Decide how you will mess up the country during your term in government, making sure that you are not swayed from your principles.
They appear to have been telling the truth, at least as I see it.
Thick, lying thieving corrupt ****ers.
Bob Whysman
- Registered: 23 Aug 2013
- Posts: 1,938
Seems rather a lot of qualifications to expect them to have Barrie N.

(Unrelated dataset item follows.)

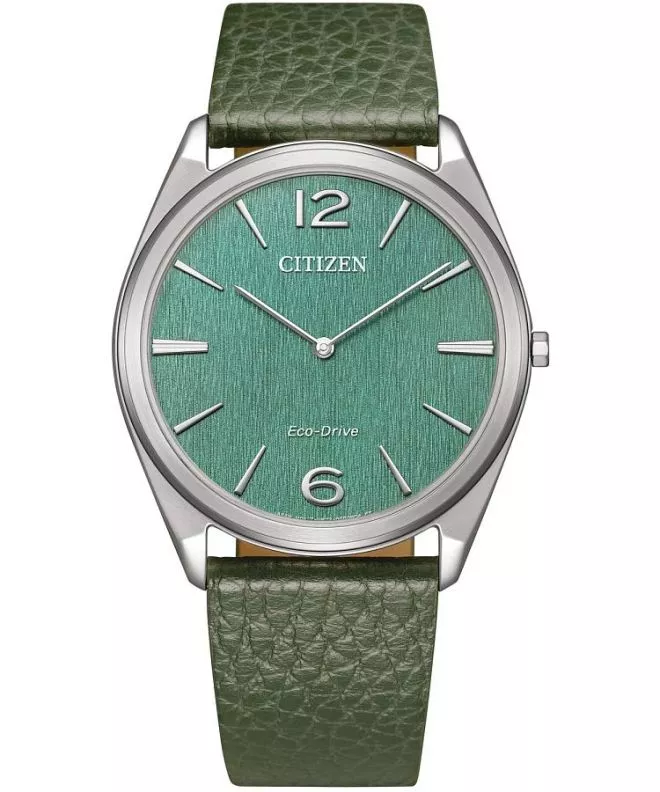 Zegarek Citizen Suratto Solar AR3120-32X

Surely the Court of Human rights should have a ruling on this as your list probably preludes most of our immigrant saviours having a seat in the British Parliament. This can't be an acceptable interpretation of what the EU rules intended?:

Do nothing and nothing happens.
Keith Sansum1
- Location: london
- Registered: 25 Aug 2010
- Posts: 23,942
Lets look at it from everyones point of view rather than those that are seen as the most corrupt the country has seen.
I go along with Howard
Blair and Maggie will be the most remembered both for negative reasons
ALL POSTS ARE MY OWN PERSONAL VIEWS
Guest 745- Registered: 27 Mar 2012
- Posts: 3,370
She got the sack ,,says it all

Guest 716- Registered: 9 Jun 2011
- Posts: 4,010
Cabinet papers reveal 'secret coal pits closure plan'
Newly released cabinet papers from 1984 reveal mineworkers' union leader Arthur Scargill may have been right to claim there was a "secret hit-list" of more than 70 pits marked for closure.

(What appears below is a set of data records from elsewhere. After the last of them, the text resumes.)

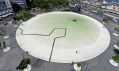 Plaza de España neboli Španělské náměstí na Tenerife od Herzog & de Meuron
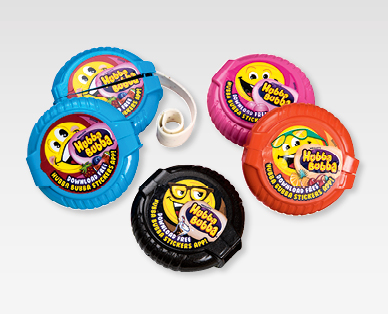 HUBBA BUBBA(R) Bubble Tape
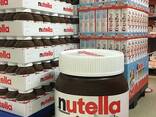 Nutella Chocolate - фото 1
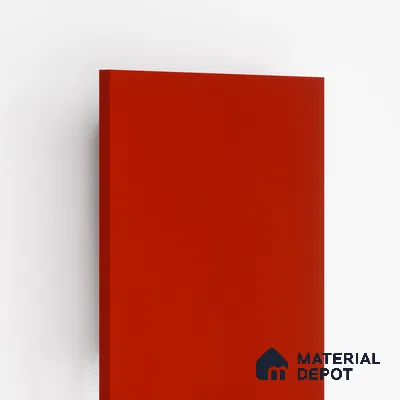 613 HG 8 ft x 4 ft PVC Core Finish PVC Laminate - 1 mm | Suitable for Living Room, Kitchen, Office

The government and National Coal Board said at the time they wanted to close 20. But the documents reveal a plan to shut 75 mines over three years.
A key adviser to then-PM Margaret Thatcher denies any cover-up claims.

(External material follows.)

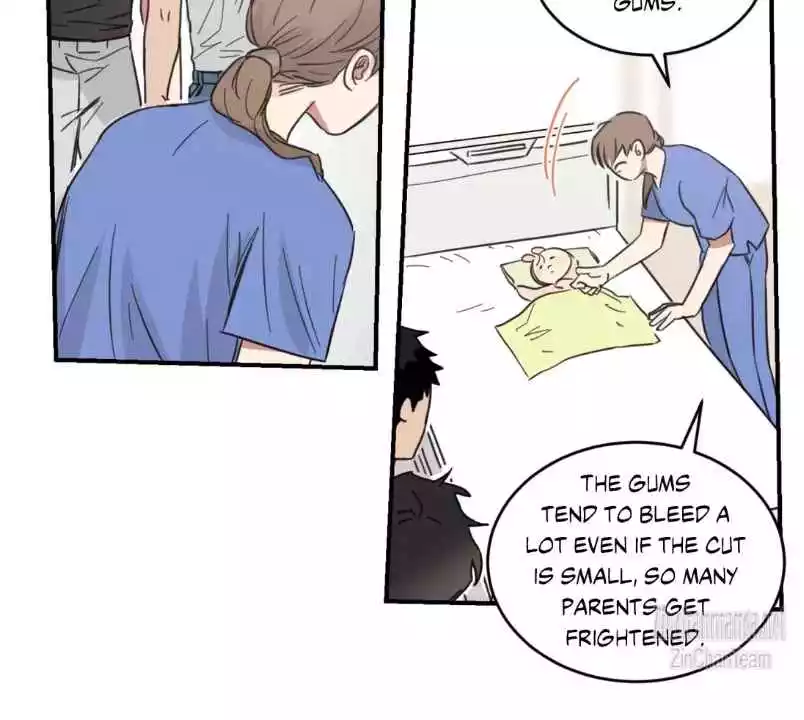 Our Sunny Days - Chapter 27 Page 74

The miners' strike began in March 1984 and did not end until the next year.
Other papers from 1984 reveal warnings of violence outside the Libyan embassy, in which WPC Yvonne Fletcher was killed.
One of the warnings was passed on by the British ambassador in Tripoli, Oliver Miles, who was sceptical about what he was told by Libyan government officials.
And the previously confidential files released on Friday by the National Archives also show the effect of the Brighton bomb on Mrs Thatcher's thinking about Ireland.
line break
'Secret' meeting at No 10
Document marked "Not to be photocopied or circulated outside the private office" recording a meeting attended by seven people, including the prime minister, chancellor, energy secretary and employment secretary, at No 10 about pit closures
A document in the secret files includes an instruction that details of the meeting should not be made public
The year-long miners' strike, which started in March 1984, was characterised by often violent confrontations between police and massed picketing miners.
Continue reading the main story
Long-shot wait for miners' cash
At one stage during the miners' strike the government hoped it might catch red-handed someone from the National Union of Mineworkers (NUM) trying to smuggle a suitcase full of banknotes into Britain.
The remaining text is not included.